The Isabel Bader Centre for the Performing Arts is hosting the festival throughout February and March. It’ll feature Indigenous performance artists, films, and musicians, celebrating their work and innovation in Canada.

The festival is being held alongside the Soundings exhibit currently on display at the Agnes Etherington Art Centre. 

“We are excited to share this diverse array of performances by acclaimed Indigenous artists working across theatre, dance, music, film and performance art,” said Soundings curator, Dylan Robinson, in a Queen’s media release. 

The festival, which crosses all disciplines, is an exciting opportunity for the Isabel and the Agnes to work alongside some of the top artists in Canada—as well as to work collaboratively together. 

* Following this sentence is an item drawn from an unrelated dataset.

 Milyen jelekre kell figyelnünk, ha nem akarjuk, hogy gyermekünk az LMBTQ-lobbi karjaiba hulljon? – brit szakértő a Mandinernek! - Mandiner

“Dylan has the most amazing ability to identify, just top artists,” Isabel Director Tricia Baldwin said. “There’s a lot of social justice involved right now with Indigenous arts, but he sees Indigenous arts as a statement of a really diverse community’s cultures. We’ve invested a lot in the world premieres of some of these works.” 

One work that Baldwin is particularly excited about is the “Biidaaban: First Light VR,” by Anishinaabe artist Lisa Jackson and 3D artist Matthew Borrett. The project looks at a radically different future Toronto. In this re-envisioning, the city has been reclaimed by nature and people must consider how they fit into this new landscape. 

For Baldwin, the dystopian tomorrow trope has been flipped on its head to show a better future—a theme throughout the works. 

“We’re actually seeing this really positive, creative statement of who [Indigenous people] are. Rather than, ‘this is the community that went through the residential school system,’ what’s great about this festival is that it’s actually celebrating people’s culture. It’s a very positive celebration, but it’s not holding back any punches when it comes to the past, and past treatment,” Baldwin said. 

Associate Vice-Principal (Indigenous Initiatives and Reconciliation) Kanonhysonne (Janice Hill) thinks that the festival and exhibit offer people a chance to look more honestly at Indigenous cultures in Canada. 

“My understanding from recent research is there are still a lot of Canadians, and a lot of young Canadians, or people who live in Canada, who don’t really understand the current and present realities of Indigenous people and that we exist here today and in many forms,” Hill said. 

For non-Indigenous viewers and audiences, she believes it’s important that they approach the artwork with an open mind to gain an understanding. She emphasized the artwork was a chance for artists to express their truth to be shared with others. 

For Indigenous viewers, Hill hopes that the exhibit and festival can be a chance for people to reconnect and reclaim their culture. 

“[Reconciliation] is about a reclamation of our ways of knowing and being and our languages and our place in the world,” Hill said.

“Art is a way to bridge that—it’s a way to give Indigenous people access to knowledge they may not have formerly had access to, and it’s a way to give the non-indigenous population access to the same knowledge and maybecreate a better understanding of how we got to be where we are right now.” 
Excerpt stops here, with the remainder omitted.